But I first ran into Puchalski during breakfast at the hotel. Seated at the table next to me, he and sales associate Max Joseph were running through preparations for the conference’s “Media Day” over (allegedly) cage-free eggs.
Puchalski’s verve piqued my interest, and after making an intro, he told me what Bucket Robotics is up to. Before I knew it, he had cracked open a bright yellow Pelican case and I was holding a small piece of plastic.
Started as part of YC’s Spring 2024 batch, Bucket Robotics is all about using advanced vision systems to do quality inspections, specifically for surfaces. The goal is to automate a menial task that Puchalski joked is usually done by “dudes in Wisconsin,” and to accelerate the broad, multi-industry effort to onshore manufacturing.
One example Puchalski offered was car door handles. It’s a part customers touch every day, so it needs to be structurally sound, and that kind of quality inspection is basically solved.
But it can be challenging to make sure the surface is flawless. Is the color right? Are there any burn or scuff marks?
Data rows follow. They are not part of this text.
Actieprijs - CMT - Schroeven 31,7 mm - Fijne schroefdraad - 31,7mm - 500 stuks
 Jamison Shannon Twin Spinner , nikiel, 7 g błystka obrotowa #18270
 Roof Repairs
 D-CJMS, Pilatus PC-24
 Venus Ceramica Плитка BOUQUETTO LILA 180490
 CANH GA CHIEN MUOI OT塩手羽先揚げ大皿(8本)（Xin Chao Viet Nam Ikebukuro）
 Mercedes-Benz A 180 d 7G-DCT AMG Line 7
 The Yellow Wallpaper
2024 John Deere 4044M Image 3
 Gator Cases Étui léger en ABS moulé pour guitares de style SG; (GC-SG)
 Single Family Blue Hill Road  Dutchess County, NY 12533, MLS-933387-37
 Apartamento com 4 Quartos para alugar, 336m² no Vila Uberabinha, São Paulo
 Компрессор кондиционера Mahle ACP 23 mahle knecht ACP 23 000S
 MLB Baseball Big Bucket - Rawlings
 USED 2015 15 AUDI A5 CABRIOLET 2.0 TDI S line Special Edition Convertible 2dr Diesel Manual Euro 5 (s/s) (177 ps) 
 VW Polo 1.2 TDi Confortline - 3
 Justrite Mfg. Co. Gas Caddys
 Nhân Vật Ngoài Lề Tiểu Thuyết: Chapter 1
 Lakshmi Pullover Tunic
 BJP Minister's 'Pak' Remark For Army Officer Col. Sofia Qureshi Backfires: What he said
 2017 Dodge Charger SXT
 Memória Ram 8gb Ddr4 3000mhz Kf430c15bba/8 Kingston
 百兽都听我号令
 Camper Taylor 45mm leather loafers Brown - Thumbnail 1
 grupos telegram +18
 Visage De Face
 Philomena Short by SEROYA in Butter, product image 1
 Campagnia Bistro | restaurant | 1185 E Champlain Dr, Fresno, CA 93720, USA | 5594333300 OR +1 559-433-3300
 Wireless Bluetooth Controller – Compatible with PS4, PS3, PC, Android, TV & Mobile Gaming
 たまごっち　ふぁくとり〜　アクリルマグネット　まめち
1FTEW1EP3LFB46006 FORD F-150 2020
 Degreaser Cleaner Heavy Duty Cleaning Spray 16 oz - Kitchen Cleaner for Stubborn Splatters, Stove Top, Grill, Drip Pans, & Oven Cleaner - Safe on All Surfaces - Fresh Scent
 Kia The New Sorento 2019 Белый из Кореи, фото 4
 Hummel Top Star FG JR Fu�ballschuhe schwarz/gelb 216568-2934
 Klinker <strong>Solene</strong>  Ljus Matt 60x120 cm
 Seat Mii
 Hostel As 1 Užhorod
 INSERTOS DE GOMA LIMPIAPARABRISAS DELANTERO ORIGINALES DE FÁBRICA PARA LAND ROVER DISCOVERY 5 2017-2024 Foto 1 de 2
These are the questions Bucket Robotics wants to answer.
“It’s deeply hard to automate these types of challenges without huge volumes of data, so auto manufacturers just throw dudes in Wisconsin at this problem,” he said.
Bucket Robotics solves that data problem by working from the CAD files for a particular part. It then generates a bunch of simulated defects – burn marks, bumps, breaks – so that its vision software can detect those problems quickly on a production line.
There’s no need for manual labeling, and the company claims its models can deploy “in minutes” while also adapting if products or production lines change. One of the big selling points to date is that Bucket Robotics can integrate into existing production lines without adding new hardware, Puchalski said.
This has already attracted customers in automotive and in defense, setting up Bucket Robotics to pursue the increasingly popular path of becoming a “dual-use” company.
When the show floor opened, the first two hours were “intense,” Puchalski said. Attendees in suits snooped around the startup’s tables, plucked orange stickers with the Bucket Robotics logo, and quizzed the employees about their tech.
More importantly, Puchalski said the level of interest stayed consistent throughout the week. He had “real technical discussions” with people from the worlds of manufacturing, robotics, and automation. He said Friday that he’s spent the week since the show on follow-up calls with prospective customers and investors.
CES can be a slog, but Bucket Robotics survived. Now comes the actual hard part: building a business, scaling, fundraising, and striking commercial deals.
As for the “dudes in Wisconsin,” Puchalski doesn’t see his company as a threat to their livelihoods. Those jobs are just as much about spotting defects as they are about identifying the root cause of the problem, he said.
And besides, Puchalski added, automating surface quality inspection is something that the manufacturing industry has been trying to do for decades.
“So when we go to our customers, it’s incredibly exciting,” he said.